The spectacular sinking from grace of the Millennium Tower has been a long been a source of schadenfreude for those of us who cannot afford multimillion-dollar condominiums, but the infamous “sinking tower” also posed some serious safety risks. Completed in 2009, the high-end skyscraper condo initially won prestigious awards, until the bombshell 2016 revelation that the tower was sinking and tilting, so much that you could see the tilt from outer space. Follow that with reports of mysterious terrible smells percolating within the building, and of course the lawsuits galore that even included Joe Montana as a plaintiff.
But with parts of the building now 18 inches deeper into the ground than when it was built, SFGate reports that the permits have been approved for a $100 million fix that’s scheduled to begin in November, but could start as early as October.
“The city and state had a plethora of permit requirements for us,” outside engineer Ronald Hamburger told the Engineering News-Record, explaining the lengthy delay of a building underpinning solution that his firm is handling.
The story of the 58-story towering embarrassment made national news in 2016 when buyers discovered that developer Millennium Partners had hid the issue from them, and promptly filed a $500 million lawsuit. Turns out the developer had built into sand instead of drilling down to bedrock as a cost-cutting measure, but tried to deflect blame towards the new Transbay Terminal as prices were slashed on the building’s units. Then came a litany of other problems like the mysterious odors, gaps in the walls that presented enormous fire risks, and windows cracking in the middle of the night.
In the 11 years since the tower was completed, multiple other high-rises including Salesforce Tower have been built over similar bay mud conditions, but developers all drilled down to bedrock for these other tall buildings.
The fix took two years to get approved, as it need OKs from various agencies like the Board of Supervisors, the Port of San Francisco, the State Lands Commission, and of course the CEQA reviews.
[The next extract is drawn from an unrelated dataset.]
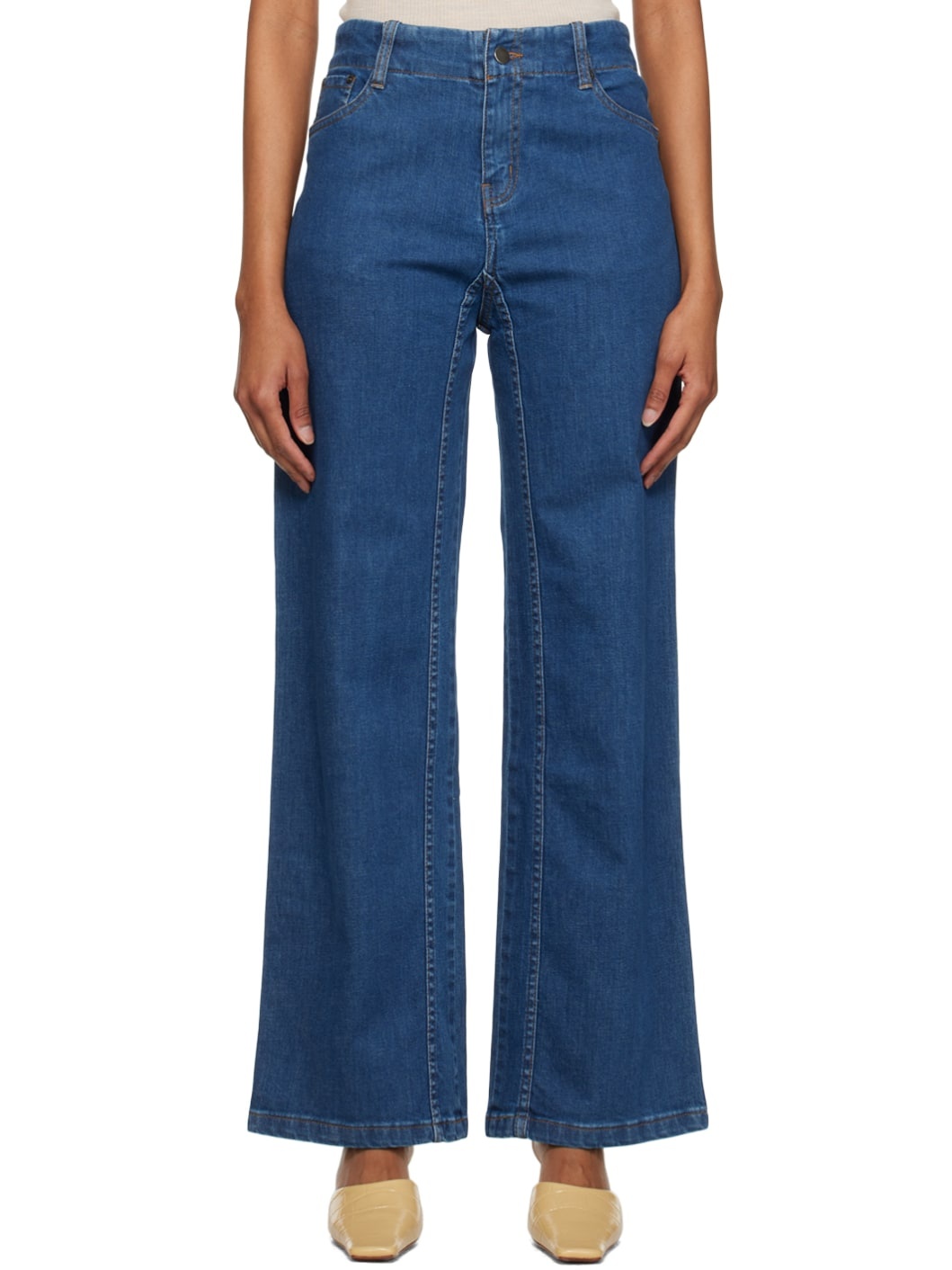 Blue On-Ward Jeans - 1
Per the Engineering News-Record, the “perimeter pile upgrade calls for transferring 20 percent of the building’s weight to bedrock from its existing foundation system,” and “relies on drilling and jacking 52 concrete piles—socketed more than 30 feet into bedrock that starts 220 feet below grade—under the north and west sidewalks.”
This is all obviously quite complicated, and the initial part of the project is expected to take two years. Even then, though, this drama won’t be over, as engineers estimate it will take another ten years for the tilt to even out, at which point the other side of the building will be shored up in similar fashion.